CONSULTA AQUÍ LA CIFRA DE EXTRANJEROS Y SU EVOLUCIÓN ANUAL PUEBLO A PUEBLO
Esa es una de las cifras que arroja el análisis pueblo a pueblo de la población extranjera a 1 de enero de 2025, el dato más reciente que se puede interpretar con este nivel de detalle. Esa estadística dice también que hay 361 núcleos habitados en la provincia que tienen inscritos a vecinos foráneos (uno más que en 2024). Dicho de otra manera, más de 140 carecen de inmigrantes.
Dentro de los que sí tienen, hay más de medio centenar de localidades en las que el número de extranjeros supera el 10% del total de la vecindad. Destacan casos como los de Villalobos, Valdespino, Trabazos o Piñuel, donde la tasa está por encima incluso del 20%. Dentro de los pueblos de más de mil habitantes, el mayor porcentaje se encuentra en Fermoselle, con casi un 12%. No anda lejos Villalpando, con más de un 11% y un claro repunte en el último ejercicio.
También cabe destacar que, a pesar de que la diferencia entre el número de pueblos con extranjeros entre un año y otro apenas ha variado en uno, hay 17 que tienen población foránea y el curso anterior carecían de ella, y 16 que han perdido los inmigrantes que estaban censados en la localidad. Entre los que se estrenan, llaman la atención los cinco que hay ahora en Olmillos de Valverde.
El impacto de carecer de extranjeros
Por contra, dentro de los que no tienen, conviene detenerse en las localidades de mayor tamaño sin un solo extranjero. En Zamora, hay 17 pueblos con más de cien habitantes en los que ninguna persona es foránea, según el Instituto Nacional de Estadística. Y si uno mira la evolución demográfica de esos lugares, se da cuenta de que la carencia de inmigrantes no es algo inocuo a la hora de ver la tendencia de sus cifras.
Los diez pueblos más grandes sin extranjeros son Ferreruela, Coomonte, Pino del Oro, Melgar de Tera, Santa Clara de Avedillo, Domez, Almendra, Mayalde, Pueblica de Valverde y Friera de Valverde. En lo que va de siglo, el medio rural zamorano – sacando de la ecuación a la capital, Benavente y Toro – ha perdido un 26,1% de su capital humano. Pues bien, en todas y cada una de las localidades citadas ese porcentaje de caída ha sido mayor. Es más, rebasa el 40% en seis de los diez casos.

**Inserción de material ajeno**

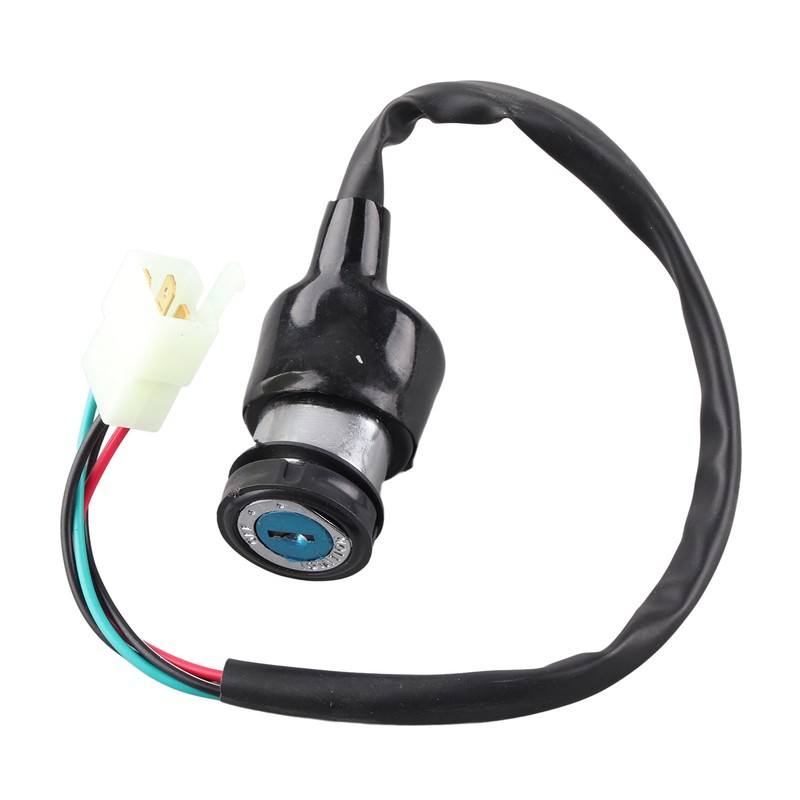 Motorcycle Ignition Switch Lock W/Keys Fit for CFmoto CF188 CF500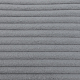 COLCHON-4-VELOUR GRIS 90x60x17cm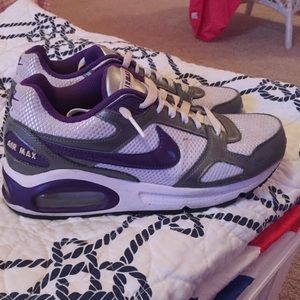Women's Nike Air Max Tennis shoes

Ejemplos de llegadas recientes de población extranjera, como las experimentadas por Piñuel o Bermillo, en la comarca de Sayago, o por la propia capital de la provincia, evidencian la importancia que tiene a nivel demográfico la presencia de vecinos nacidos fuera en localidades donde el repunte con los que hay ya se antoja inviable.